The House of Representatives has passed the tax plans for 2026. The increase in the flat-rate income in box 3 will not go ahead. Of course, the plans are not final until they are also accepted by the Senate.
Box 3
The increase in lump-sum income in Box 3 for other assets included in the tax plans was removed from the tax plans at the last minute. The increase would raise this flat income, based on 2025 figures, from 5.88% to 7.78%. This will bring the flat rate for other assets to (around) 6% in 2026. People who realise a lower return can apply to the Inland Revenue to pay income tax on this lower return.
The reduction in tax-free assets in Box 3 will also not go ahead.
The cover for this measure is the accelerated phase-out of the so-called Hillen deduction. That is the part of the additional allowance for the owner-occupied home (after the owner-occupied home interest has been deducted from it) that is not counted as income. This deduction would have been phased out completely by 2048. That will now be the case as early as 2041.
Electric cars
The planned immediate abolition of the lower additional taxable benefit for electric cars will be spread over 2 years.

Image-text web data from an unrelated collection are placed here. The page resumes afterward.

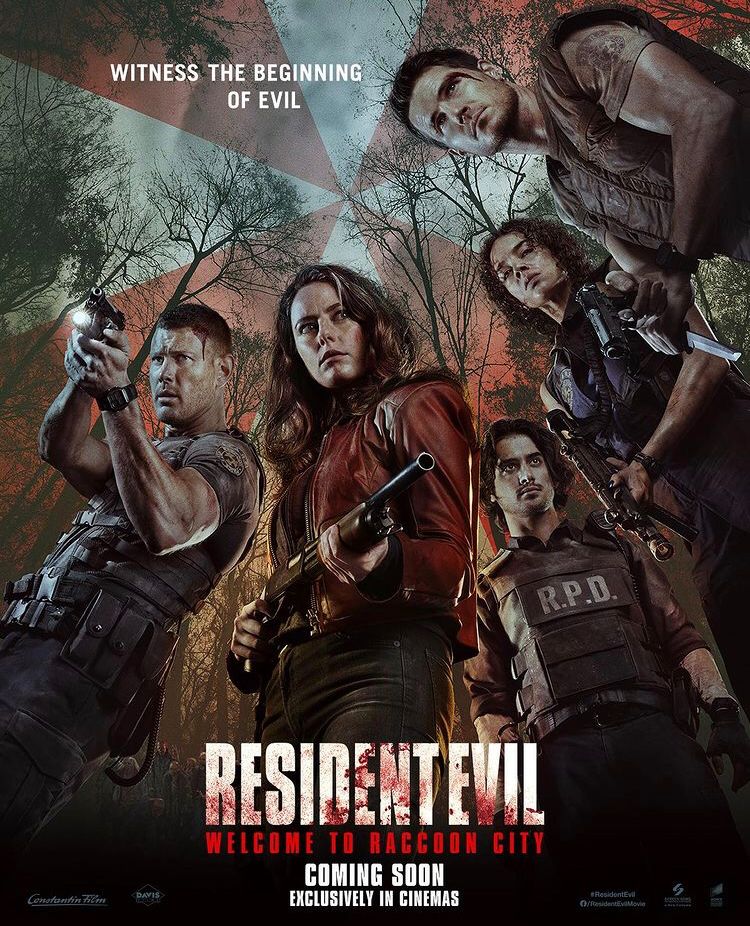 Resident Evil: Condenação, Dublapédia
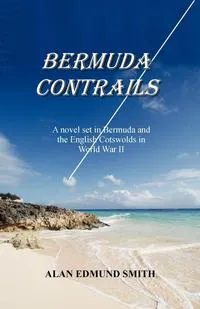 Обложка книги Bermuda Contrails, Alan Edmund Smith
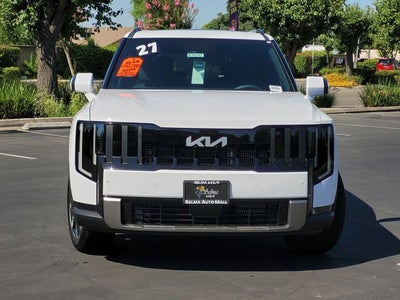 2027 Kia Telluride S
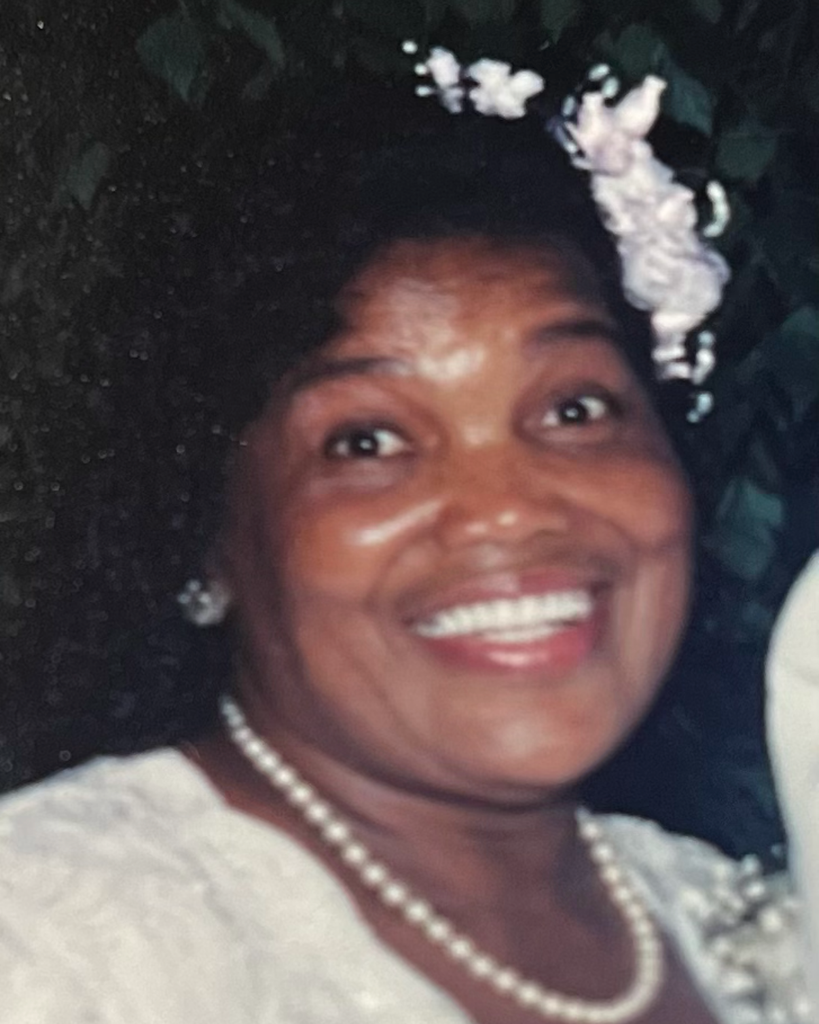 Sheila Yvonne Corlette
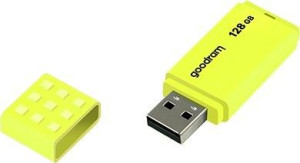 Pendrive GOODRAM 128GB UME 2 żółty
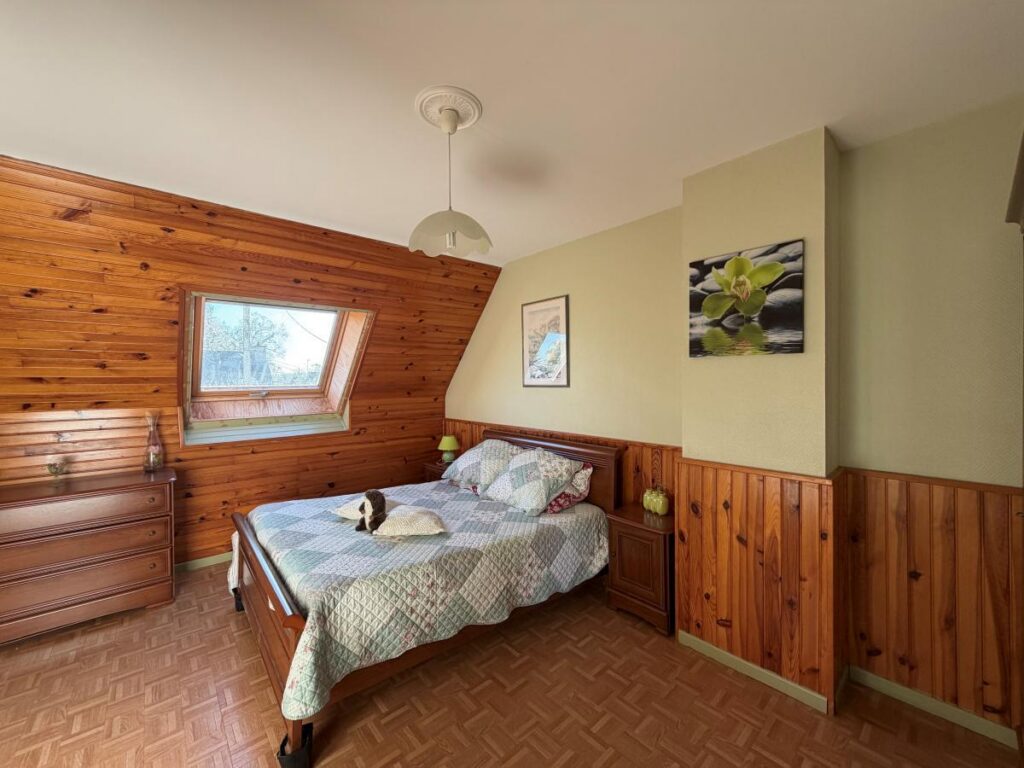 Maison – 4 pièces – 88.22m² – Pleslin-Trigavou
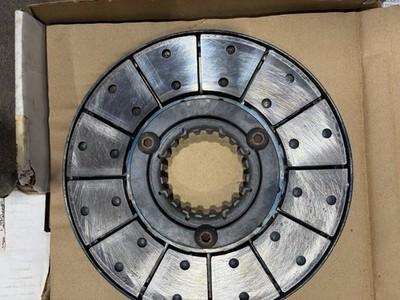 Warner Electric Electrically Released ER-825 and 1225 Normal Duty (626)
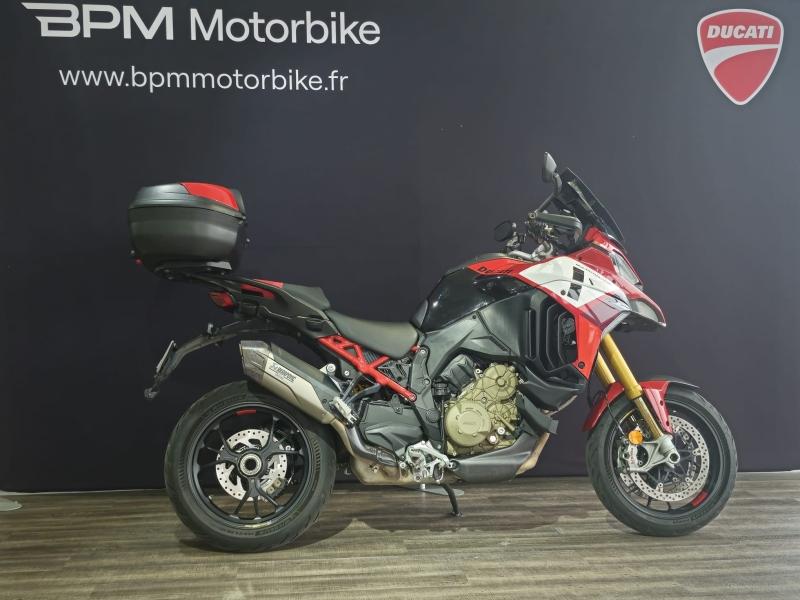 Photo DUCATI Multistrada Multistrada V4 Pikes Peak 1160
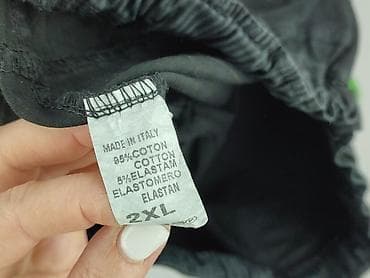 dior spodnie: Spodnie 3/4 damskie, rozmiar 2XL — 4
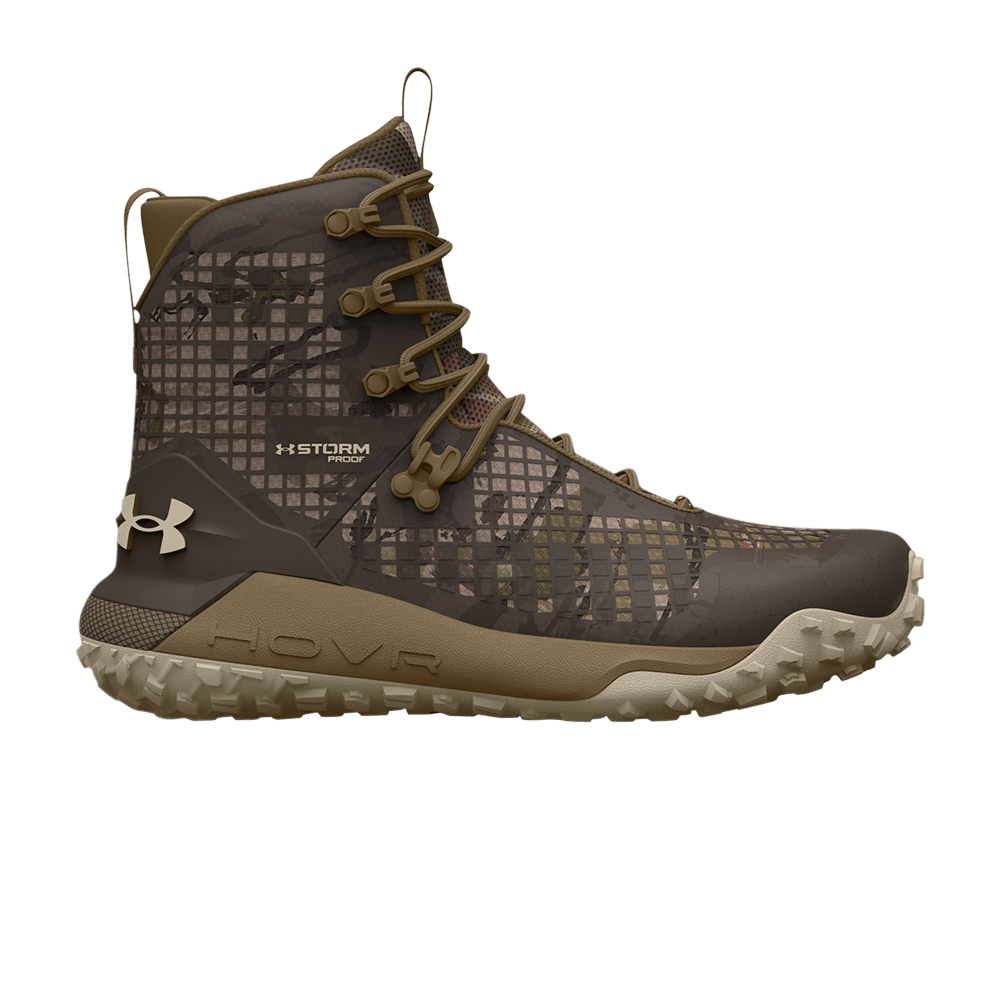 Кроссовки Under Armour HOVR Dawn Waterproof 2.0 Boot 'Ridge Reaper Camo Barren'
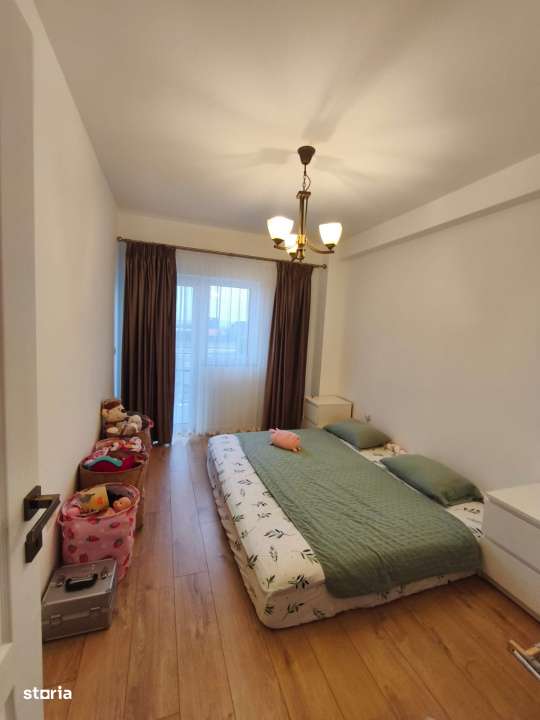 Apartament 3 camere, bloc nou Calea Bucovinei, 77mp, Radauti - Imagine principală: 5/10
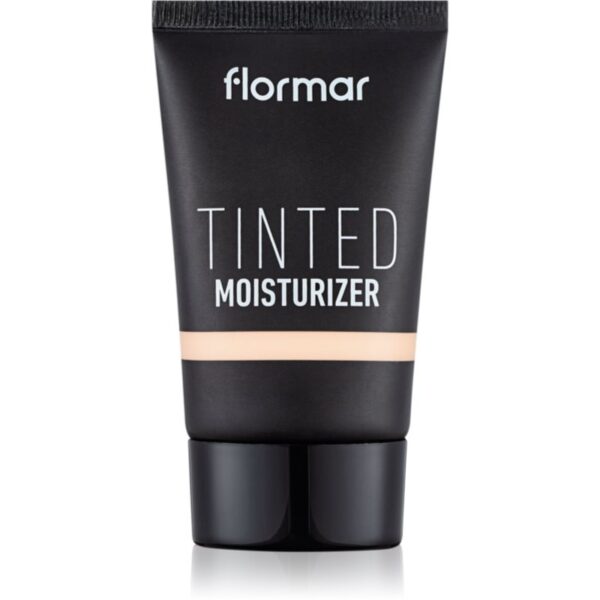 flormar Tinted Moisturizer crema hidratanta pentru piele culoare 003 Ivory Nude 30 ml-ro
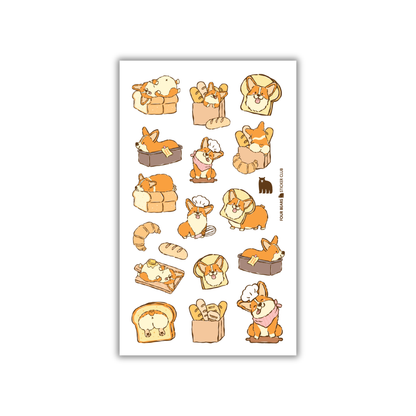 Loafing Around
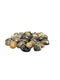 Mixed Black Onyx Tumble Polished Stones - Gem Center USA INC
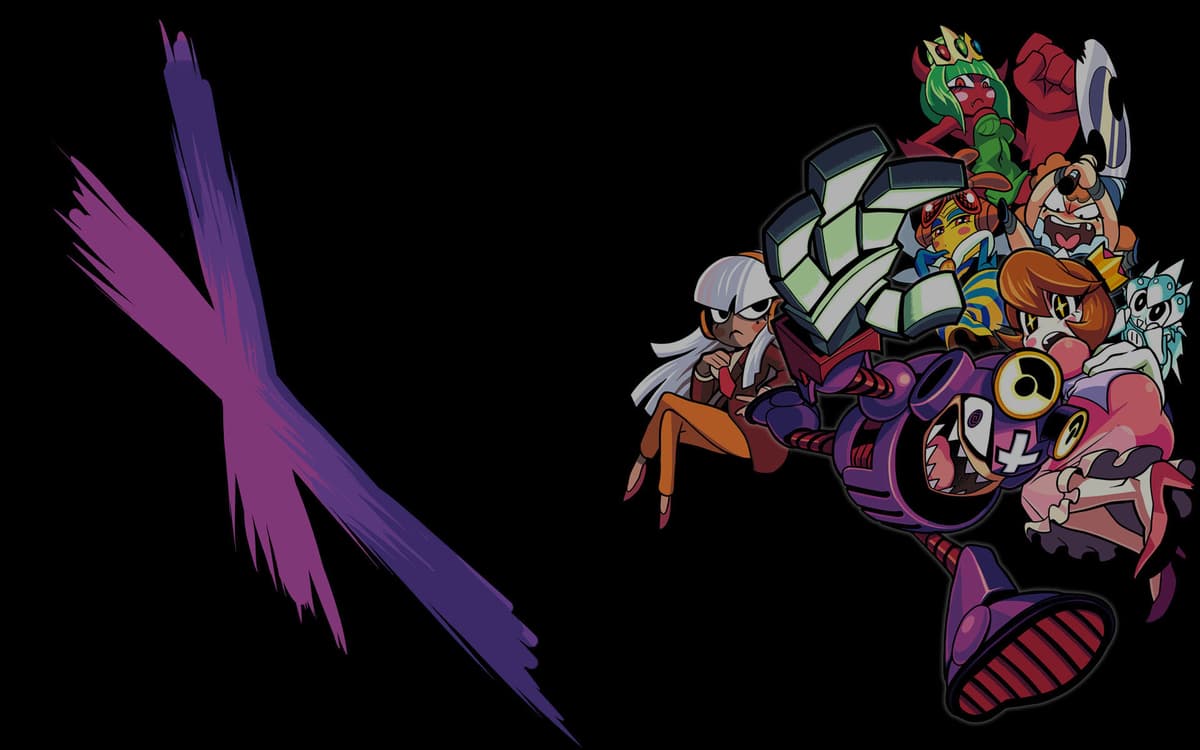 The Whole Gang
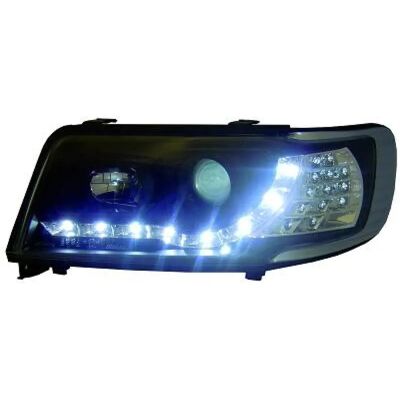 Diederichs H1 Scheinwerfer Satz - Headlight Set Diederichs H1 Scheinwerfer Satz - Headlight Set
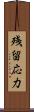 残留応力 Scroll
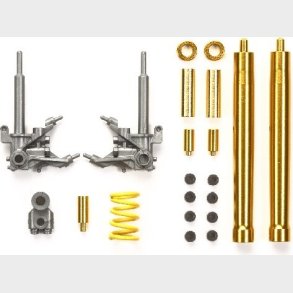 Tamiya - Honda Rc213v '14 Front Fork Set - 1/12 - 12667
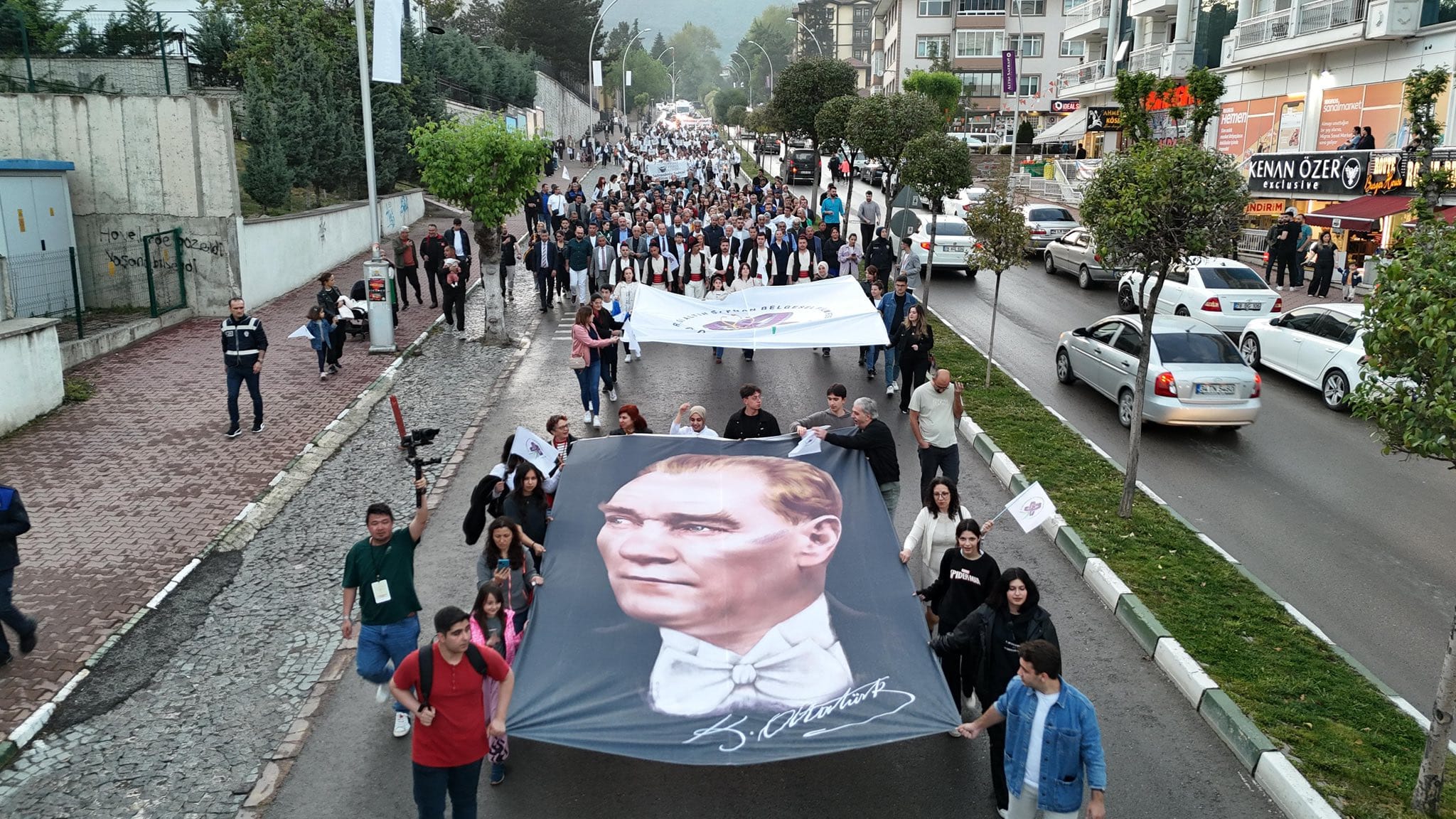 Safranbolu’nun dünyaya açılan kültür ve sanat vitrini olan Uluslararası Altın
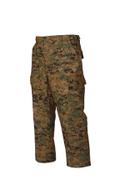 Digital Woodland Combat Uniform - Pant-Marpat Digital Woodland BDU Pant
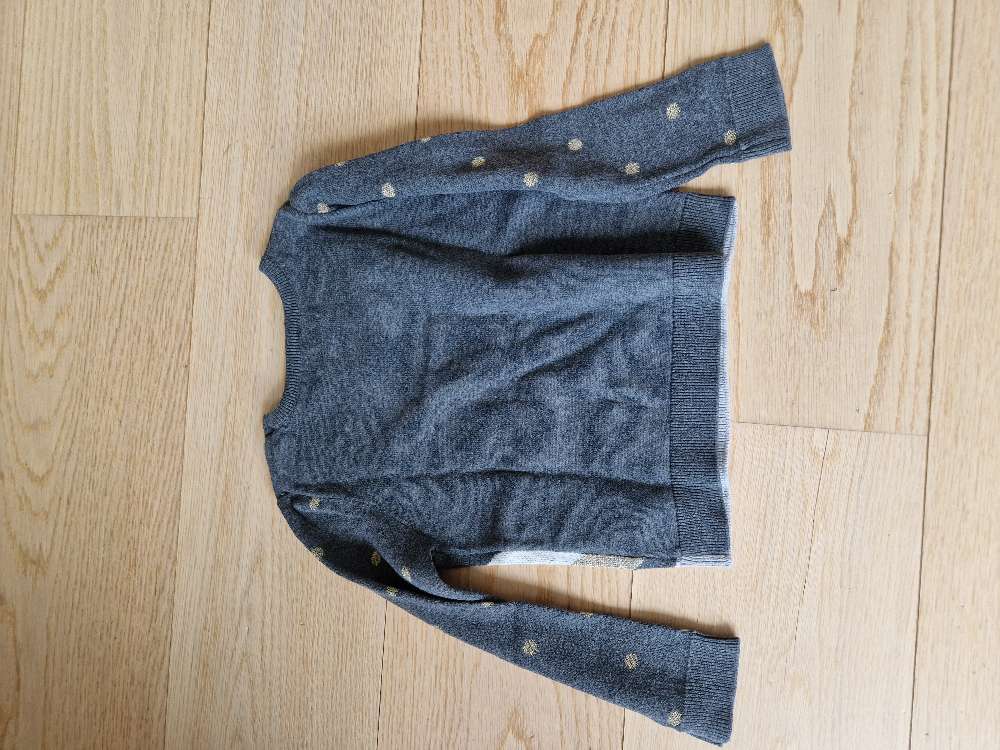 Str98/104 genser ugle H&M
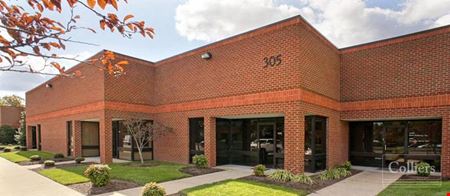 A look at Hanover Business Center commercial space in Ashland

In 2025, the addition for an all-electric car will be 17% on the list value up to €30,000. 22% will be added over the list value above €30,000. With effect from 1 January 2026, the 22% addition would also be calculated over the entire list value for electric cars.
This will now take effect only on 1 January 2028. For an electric car purchased in 2026, the addition on the first €30,000 of the list value is 18%. In 2027, this will be increased to 20%. The addition rules applicable when the car was first registered will remain in force for 60 months.
This measure is covered by raising the age of a youngtimer. In 2025, a car 15 years or older qualifies as a youngtimer. This will be increased to 16 years in 2026 and to 25 years from 2027. These changes are not subject to the 60-month time limit.